This study aims to examine the relationship between bilingualism and critical thinking. Monolingual/bilingual individuals will complete an online questionnaire to assess their ability in 5 dimensions; hypotheses testing, verbal reasoning, judging probability, argumentation analysis and problem solving.
Included language sets: Irish, German, Japanese, Chinese. This makes findings of this research cover cross-language as well as cross-cultural differences.
The proposed project investigates the influence of bilingualism on critical thinking (CT) with the related goals of (i) clarifying the impact of dealing with two languages on an individual’s thought processes; (ii) examining for differences in CT as a function of language ability, while controlling for the languages examined in the study.

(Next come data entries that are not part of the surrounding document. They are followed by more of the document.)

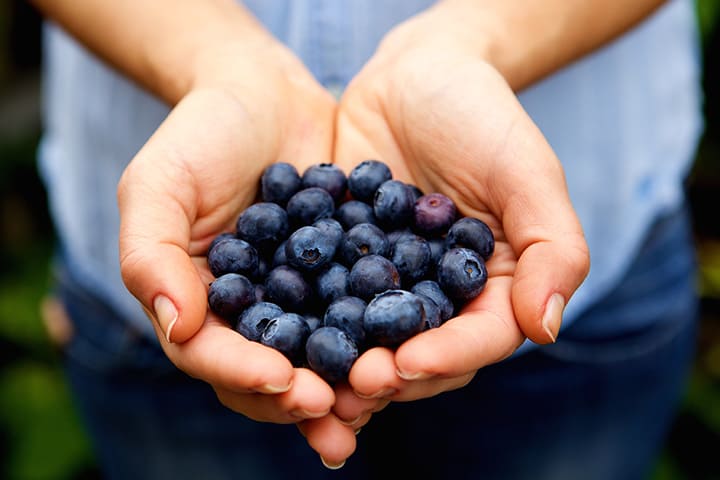 Blueberry Picking Places in Brownsville Texas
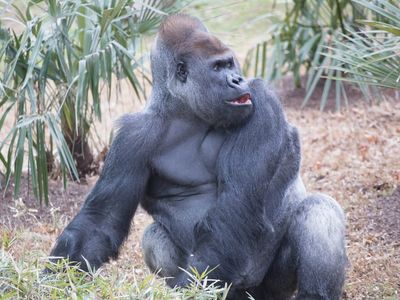 Western lowland gorilla Baraka forages in the outdoor gorilla habitat at the Smithsonian's National Zoo. The silverback takes mealtime seriously, say his keepers.
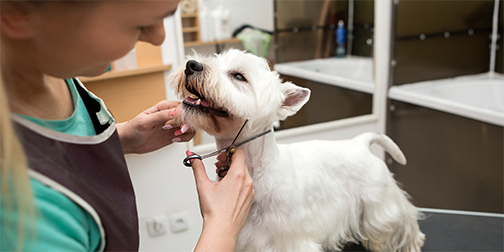 corte de pelo canino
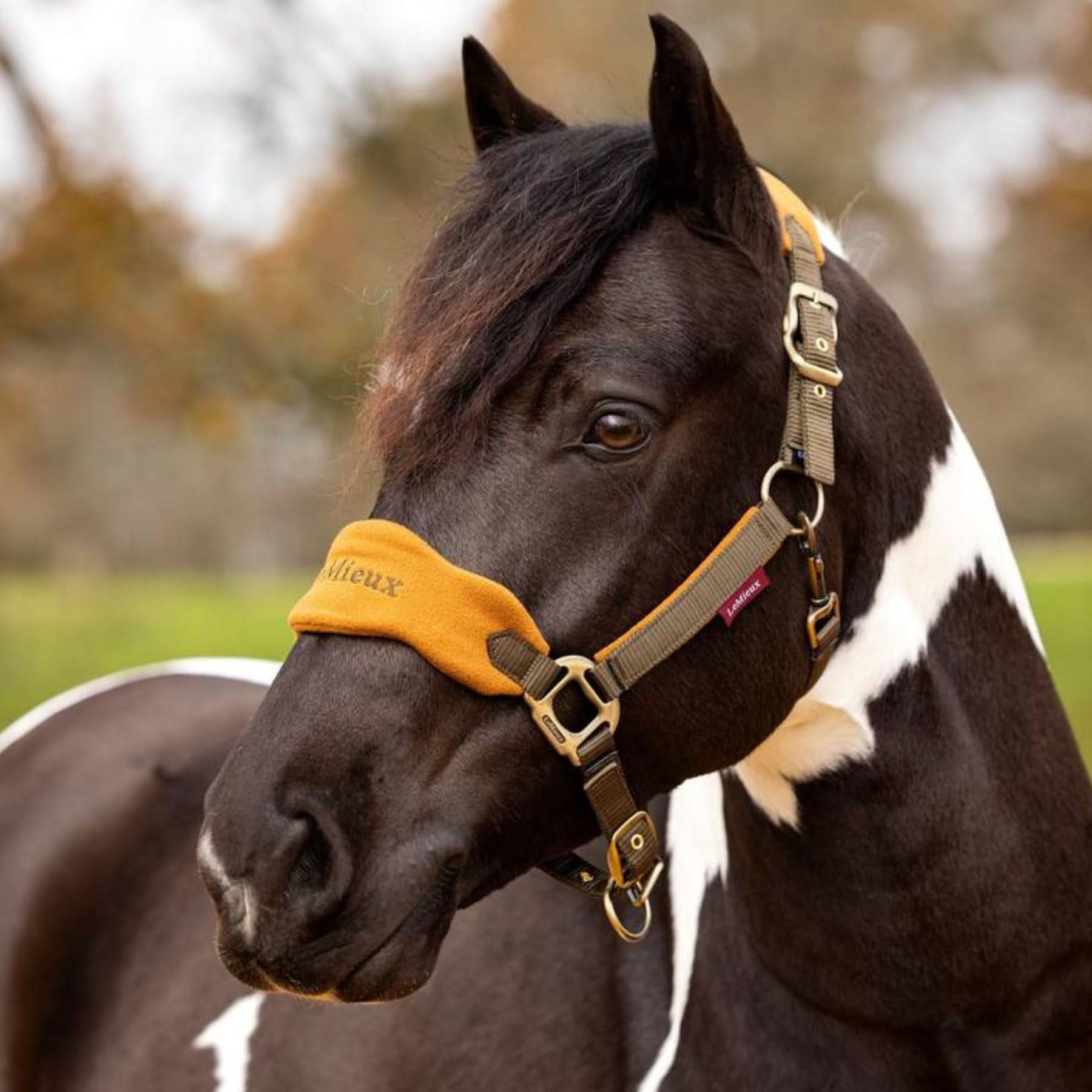 LeMieux Vogue Headcollar & Leadrope - AW24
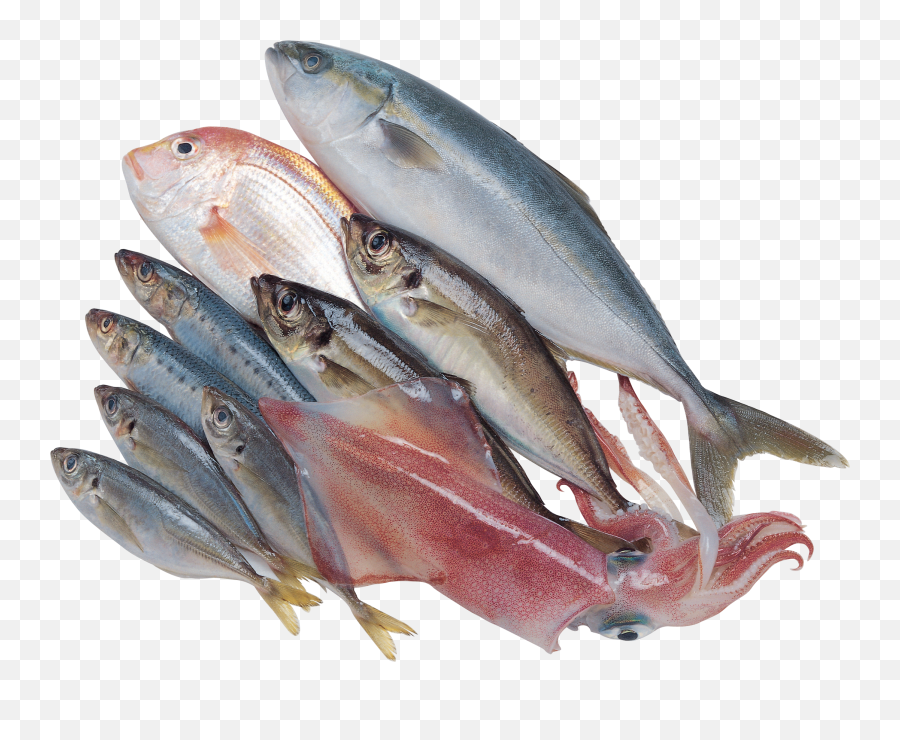 Fish Png - Fresh Fish Png,Fishes Png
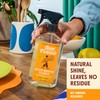 Aunt Fannie's All Purpose Wood Spray Cleaner, No-Wax Formula, Perfect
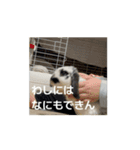 うごくもだスタンプ（個別スタンプ：15）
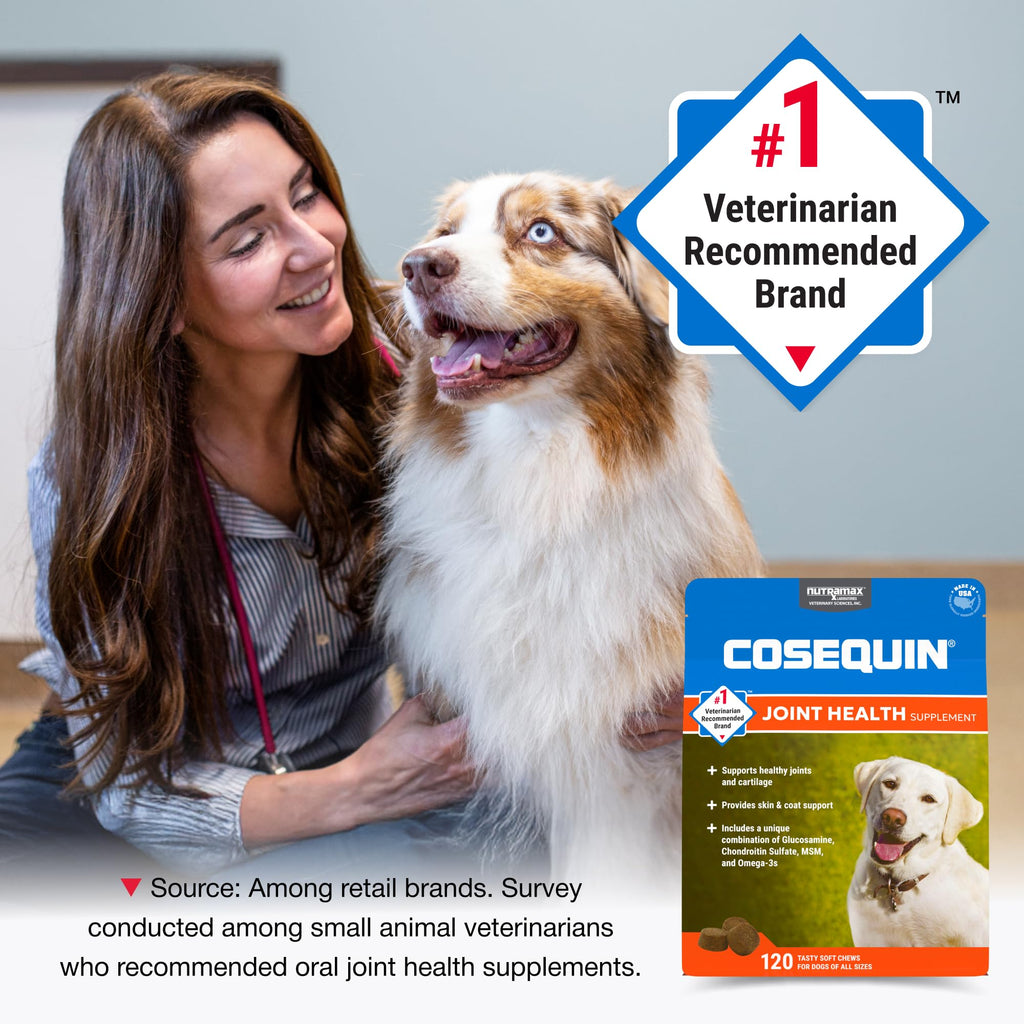 Nutramax Cosequin Joint Supplement for Dogs, Skin & Coat, Soft Chews,120ct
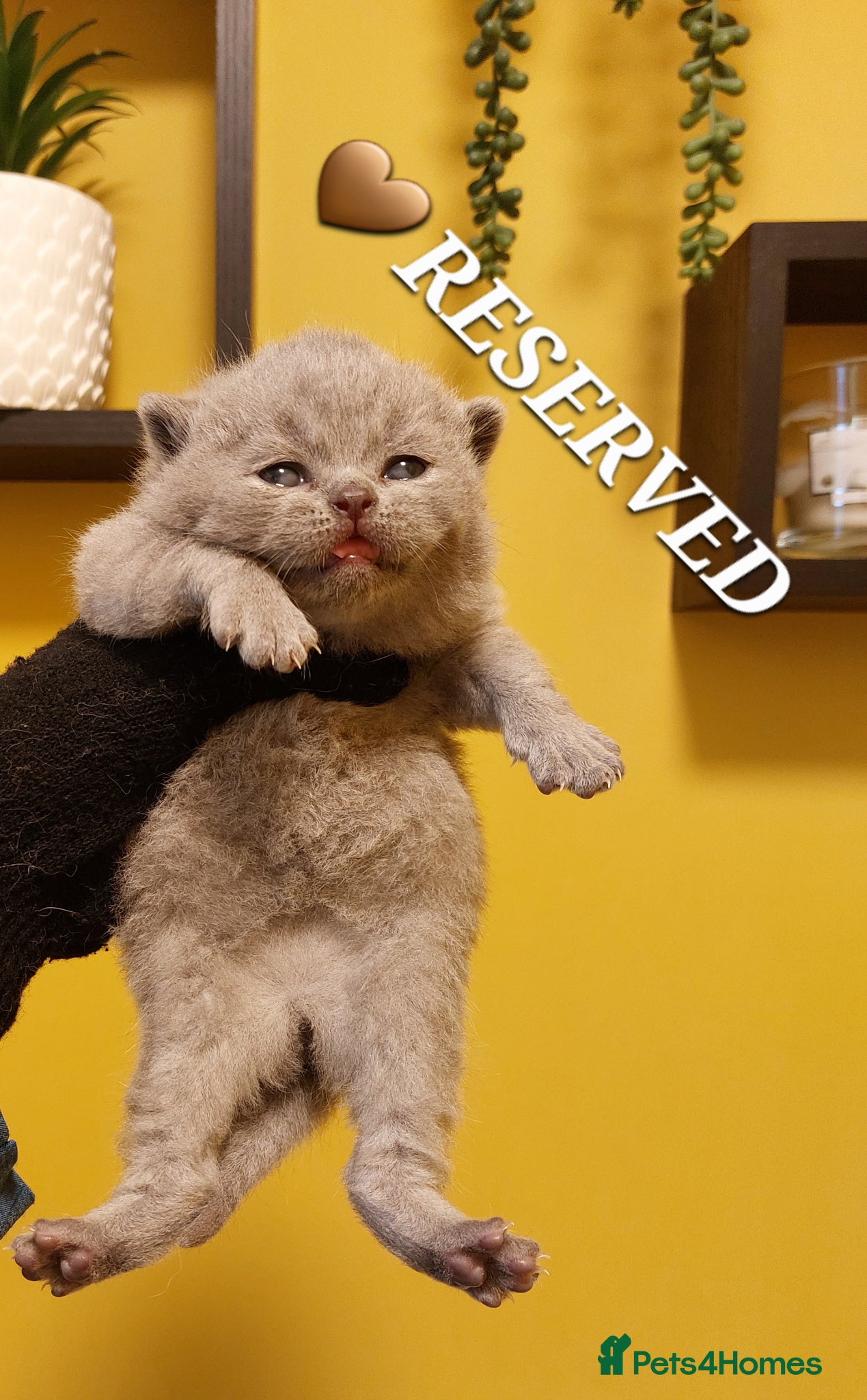 British Shorthair cats 🏆❤️‍🔥IMPECCABLE LAST BABY🌟CHAMPIONS🏆🐻🐾 - Advert 2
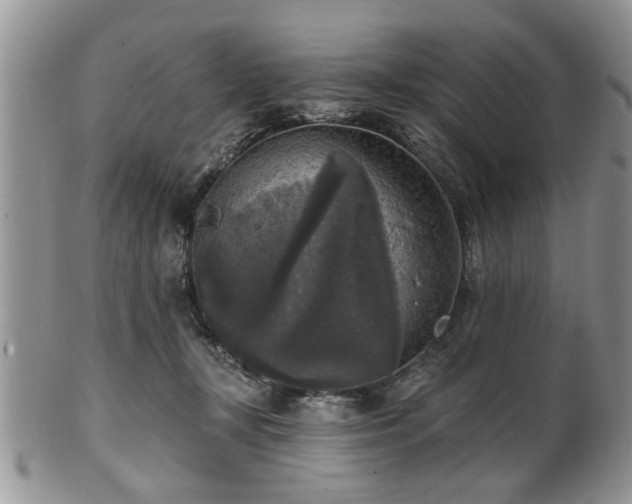X0000101970367200807251216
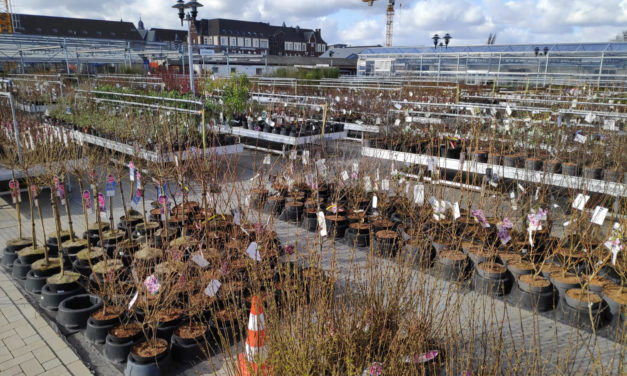 „Der Seele Gutes tun“ – Ein Besuch in der Alexianer Klostergärtnerei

Despite the belief that bilingualism negatively influences the development of verbal skills, research has shown that there is a broad field within human cognition that does benefit from second language acquisition. Positive outcomes have been found in relation to many cognitive tasks, including attention and executive functions.
Studying diverse language pairings makes findings of this research cover cross-language differences as well as cross-cultural differences which is very unusual in the research area.
The study aims to control for language. This will ensure findings that lead back to differences in cognitive performance as opposed to performance which differs due to semantic/syntactic differences between two languages. English- Irish bilinguals will be one set of participants, alongside German- English, Mandarin Chinese – Japanese and Japanese– English bilinguals. To recruit and test bilinguals in these groups, research cooperations are agreed with Kyushu University (Japan).
An assessment has been put together built upon the theory and definition of CT of one of the leading researchers in the area, Diane Halpern. The assessment was translated into various languages and is now being distributed for data collection. Data collection in Ireland is nearly finished, still ongoing in Germany and just started in Japan and China.
The assessment consists of a language background questionnaire followed by the CT scenarios. It’s online (surveygizmo) and available to participants all over the world, advertised through a website (www.bilingualthinking.weebly.com).
Outcomes of this research aim to highlight the extensive positive role of growing up speaking two languages on an individual and societal level.